Дельгадо испробовал свое изобретение на коте и заставил его вылизывать себя во сне и поднимать определенную лапу. Ему удавалось управлять расширением кошачьего зрачка, как диафрагмой фотообъектива.

При испытании прибора на тридцатилетней женщине та против своей воли сгибала палец, смеялась, плакала, видела цветные картинки и даже испытывала любовное чувство (вплоть до того, что призналась в ходе эксперимента в любви, а сразу после прекращения стимулирования мозга снова стала равнодушной к недавнему объекту вожделения).

В 1963 г. Хосе Дельгадо вживил свои электроды в мозг быка. На арене Кордовы атакующий бык встал как вкопанный от переданного по радио электрического сигнала. Рогам остались считаные сантиметры до туловища экспериментатора.

Однако успех этого эксперимента вызвал некоторое недоверие к работе невролога, заподозренного в намерении штамповать безмозглых рабов с дистанционным управлением. К 1980 г. обличителей «оруэллской девиации» стало столько, что Хосе Дельгадо лишили всякого финансирования и ему пришлось прекратить свои странные опыты с человеческим мозгом.

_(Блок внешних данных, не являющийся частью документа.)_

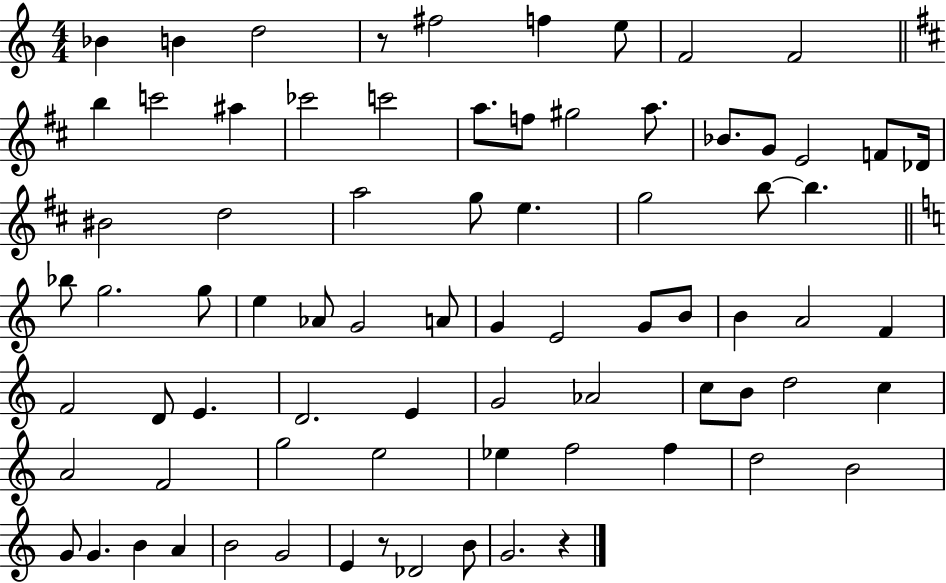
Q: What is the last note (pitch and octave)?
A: G4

Энциклопедия абсолютного и относительного знания.

Том XIV

41. Положение усложняется

Моя мать говорила: «Самое неприятное в смерти – неспособность действовать в последние секунды перед кончиной, когда тебя посещают отличные мысли и понимание всего на свете».

Матушка скончалась в преклонном возрасте двадцати лет (у людей это соответствует девяноста годам), и то по глупой случайности: ее подвел расчет при прыжке с крыши, и она не достигла крыши противоположного дома. Она шлепнулась на мостовую, и все бы ничего, если бы не машина, проезжавшая именно в тот момент.

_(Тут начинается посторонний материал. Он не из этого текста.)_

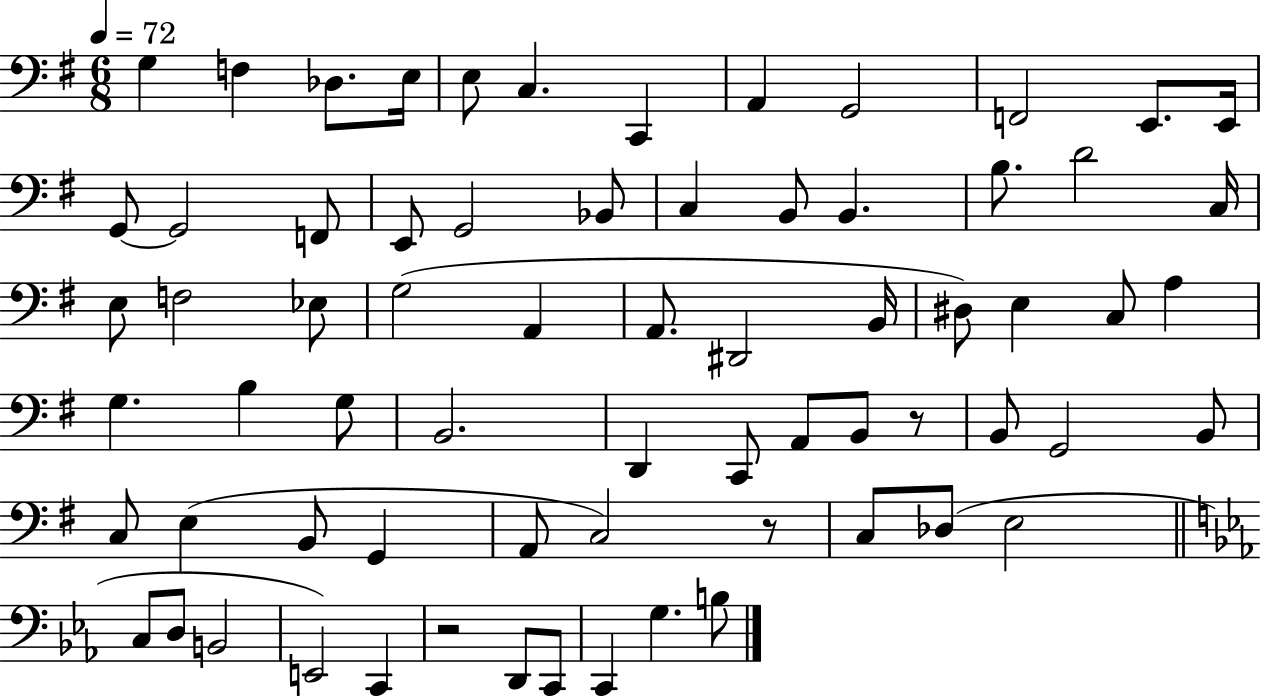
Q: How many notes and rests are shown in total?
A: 69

Не знаю, не мелькнула ли у нее за доли секунды до того, как ее голова превратилась в кашу, такая мысль: «Ну вот я и поняла наконец смысл жизни».

Не знаю, как вы представляете последние секунды перед тем, как ваше тело превратится в гору мяса, а я со дня смерти матери живу с мыслью, что постоянно должна быть готова к утрате всего.

Сейчас я отчетливее, чем когда-либо раньше, чувствую близость конца.

Тамерлан решителен и полон энергии, он не успокоится, пока не сотрет в пыль нашу спасительную башню, последний оплот сопротивления крысиному нашествию.

Признаться, дальнейшее меня мало интересует в силу того, что я уже не смогу его наблюдать.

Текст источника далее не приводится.